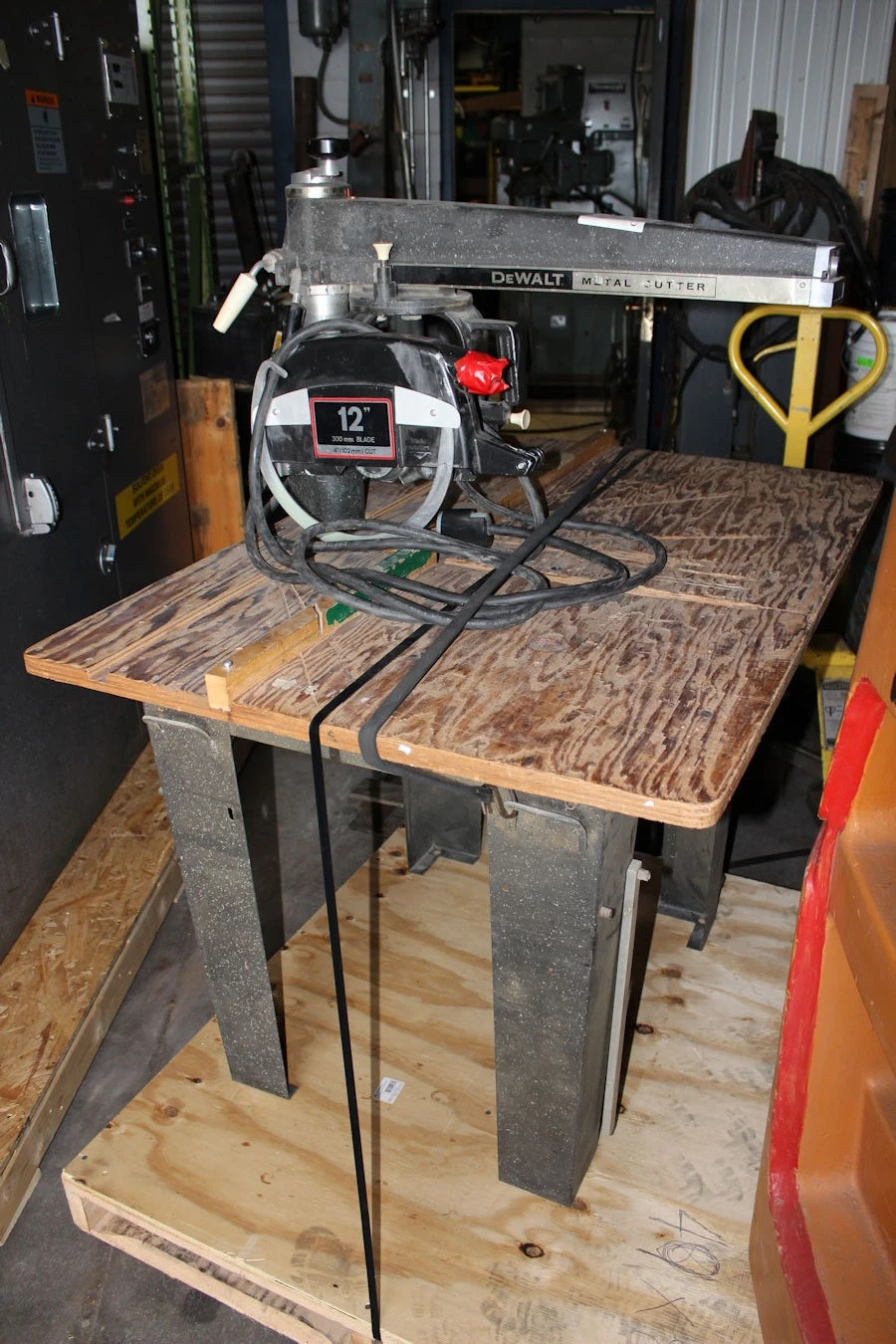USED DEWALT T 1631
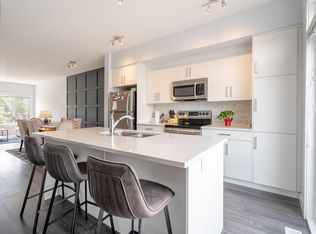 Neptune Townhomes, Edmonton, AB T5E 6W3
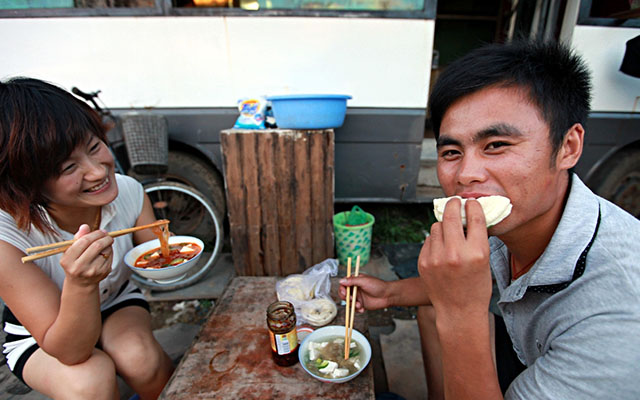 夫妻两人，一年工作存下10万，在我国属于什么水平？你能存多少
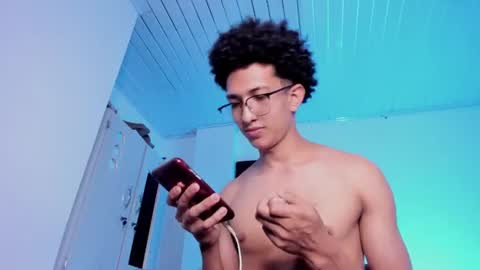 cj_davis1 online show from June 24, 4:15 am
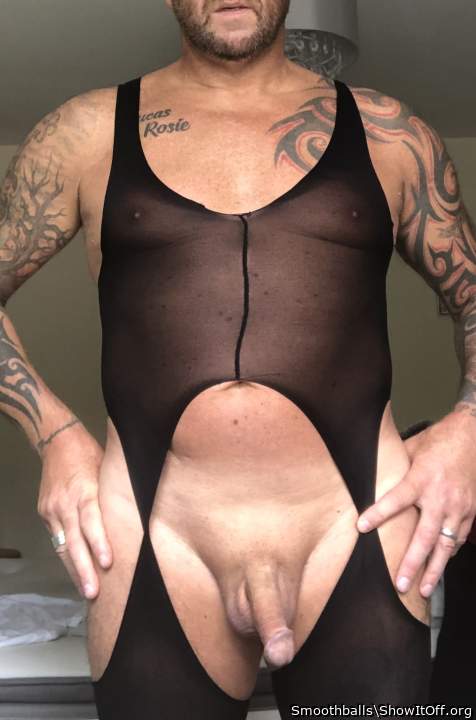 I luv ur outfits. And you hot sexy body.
= = = =
Exercise prompt: Leave out the pictures and transcribe the entries above exactly.

Expected answer:
USED DEWALT T 1631
 Neptune Townhomes, Edmonton, AB T5E 6W3
 夫妻两人，一年工作存下10万，在我国属于什么水平？你能存多少
 cj_davis1 online show from June 24, 4:15 am
 I luv ur outfits. And you hot sexy body.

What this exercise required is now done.